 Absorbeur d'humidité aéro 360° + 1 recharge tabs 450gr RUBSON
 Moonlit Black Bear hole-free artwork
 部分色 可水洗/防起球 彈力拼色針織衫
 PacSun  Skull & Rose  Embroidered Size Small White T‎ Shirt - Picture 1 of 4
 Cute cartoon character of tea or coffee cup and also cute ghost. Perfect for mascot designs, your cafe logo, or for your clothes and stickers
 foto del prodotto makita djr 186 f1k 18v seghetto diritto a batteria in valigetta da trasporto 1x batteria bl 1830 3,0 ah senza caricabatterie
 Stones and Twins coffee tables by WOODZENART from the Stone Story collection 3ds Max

• _TASK GOAL_
Search the listing above for the word "coffee", and copy every line that has it.

• _SOLUTION TO THE EXERCISE_
 Cute cartoon character of tea or coffee cup and also cute ghost. Perfect for mascot designs, your cafe logo, or for your clothes and stickers
 Stones and Twins coffee tables by WOODZENART from the Stone Story collection 3ds Max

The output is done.